Strictly speaking, counterfactuals must be true. If false then X is the same logical statement as If not X then True- which is true regardless of X.

When we go into hypotheticals is where things get interesting: cases where we make a statement in the same form as a counterfactual statement without knowing the truth value: If the mail has not been delivered today, my mailbox is empty. (This statement may be true or false; for this discussion we will consider the chances of it being false to be small.) By observation, there is mail in my mailbox. Therefore, the mail has been delivered today.

There is mail in my mailbox, therefore if the mail had not been delivered today, the sun would be exploding- this statement is now true with the same small chance of error that we ascribed to the original hypothetical statement.

For a less strict and more reasonable discussion of counterfactuals, speak about them as a future prediction made before the event- "If the mail is not delivered today, the sun will explode" appears false, even if the mail will be delivered today. In a deterministic universe where the mail will be delivered today, it is true only on a technicality.

Comment author: 12 July 2012 08:12:11AM 3 points [-]
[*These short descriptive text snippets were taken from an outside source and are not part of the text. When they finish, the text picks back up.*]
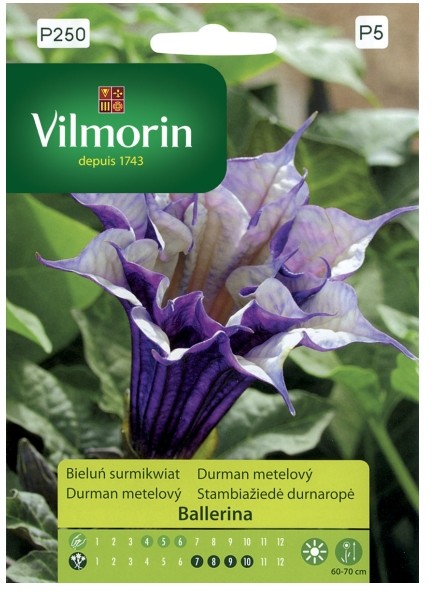 Vilmorin Nasiona bieluń surmikwiat Ballernia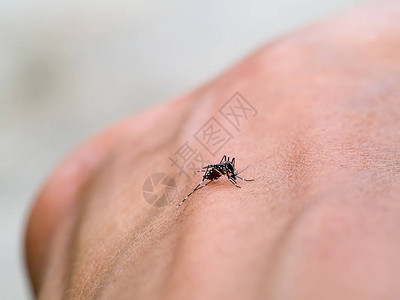 蚊子在皮肤上吸血图片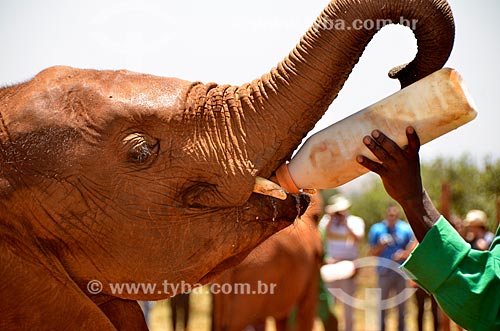  Detail of guardian feeding orphan elephant - The David Sheldrick Wildlife Trust NGO Project  - Nairobi city - Nairobi province - Kenya
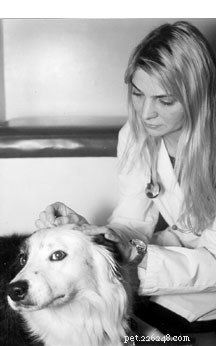 犬の鍼灸–指圧とホメオパシー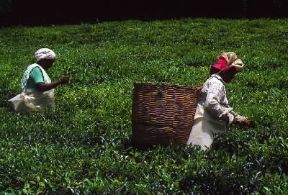 Maurizio. Un momento della raccolta del tÃ¨.De Agostini Picture Library/C. Sappa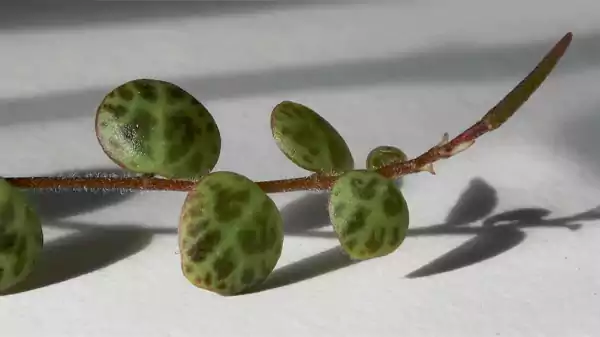 String of Turtle Image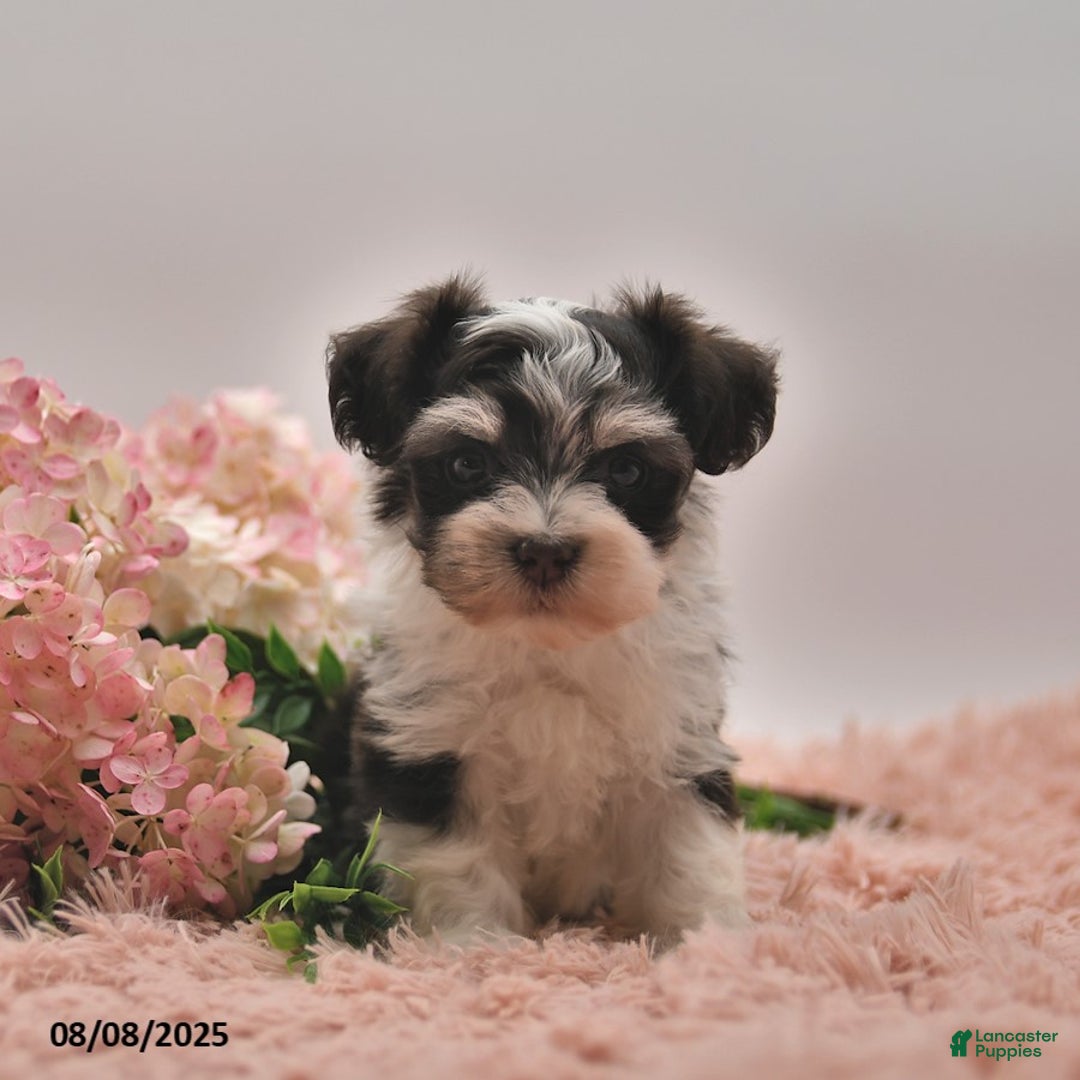 Havanese dogs for sale: Parker - Image 2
Strictly speaking, counterfactuals must be true. If false then X is the same logical statement as If not X then True- which is true regardless of X.

You're treating counterfactuals as material conditionals. But there are many good reasons to think that counterfactuals are not simply material conditionals. One of the first observations that motivates work on the semantics of counterfactuals is exactly that some counterfactual sentences appear to be false -- despite having known-false antecedents.

Comment author: 16 July 2012 05:51:33PM -1 points [-]

In other words, people are bad at evaluating statements with known-false antecedents.